# Stimulus Payments - Have you received yours?



## lovely333 (May 2, 2008)

Hey I was just wondering if anyone has gotten their stimulis payment yet. I was supposed to get mine today but nothing was in my account.


----------



## Janice (May 2, 2008)

03 - Nothing yet here.


----------



## AppleDiva (May 2, 2008)

not I (should come on Monday)


According to link Stimulus Payments: New Payment Schedule - Wealthy Reader, the updated payment schedule.


----------



## MACATTAK (May 2, 2008)

Nope


----------



## *Stargazer* (May 2, 2008)

They are making them all through the day. Check out the irs.gov site for a Where's My Stimulus tracker. Welcome to Where's My Stimulus Payment?

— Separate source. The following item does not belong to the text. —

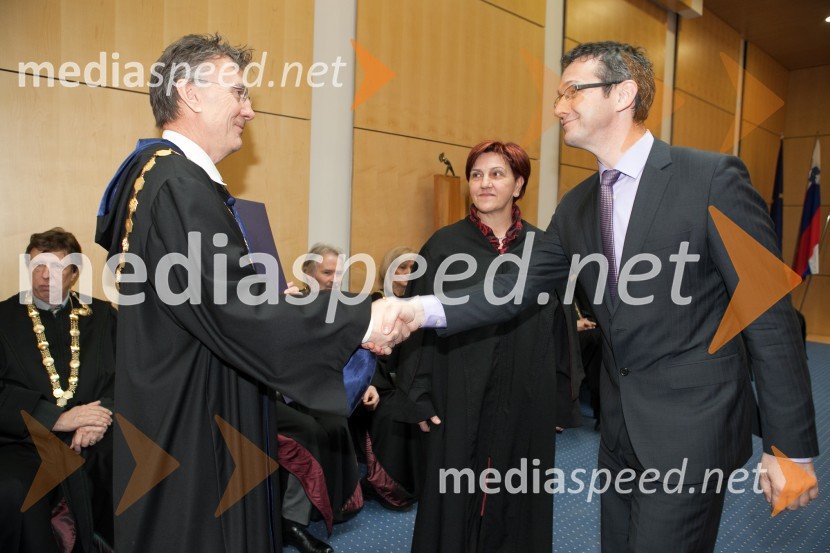 Prof. dr. Danijel Rebolj, rektor Univerze v Mariboru; dr. Peter Popović, Medicinska fakulteta UMUniverza v Mariboru, promocija doktorjev znanosti, marec 2013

Mine's not due for a week, but I spent part of it at MAC yesterday


----------



## Brittni (May 2, 2008)

Quote:

 *Last two SSN digits:*
* Payments will be transmitted no later than:* 
00 through 20: May 2 
*21 through 75:** May 9* 
76 through 99: May 16  
 
I guess mine is "NO LATER" than May 9th. Bummer... I was hoping when I check my bank account tonight it'd be in there.  I would looovee to be able to spend my $$ on something materialistic for myself but instead it's going straight toward school!


----------



## Obreathemykiss (May 2, 2008)

I am flippin frustrated because my dad opted to not put me down for direct deposit and now my check won't be "in the mail" till the end of June.  I already have most of it spent-to pay some of my cc, buy a new bedroom comforter/redecorate, buy makeup and clothes...and save $100 and I haven't even gotten the damn thing yet!  I wish some magic would happen and it just come today!


----------



## Dahlia_Rayn (May 2, 2008)

I just got mine!  It wasn't there earlier this morning.  I'll wish you guys good stimulus check karma.  It really sucks that not everyone can get them at the same time!


----------



## CantAffordMAC (May 2, 2008)

mine should be in the mail i guess, as my last 2 digits of my ssn are in the first bracket. 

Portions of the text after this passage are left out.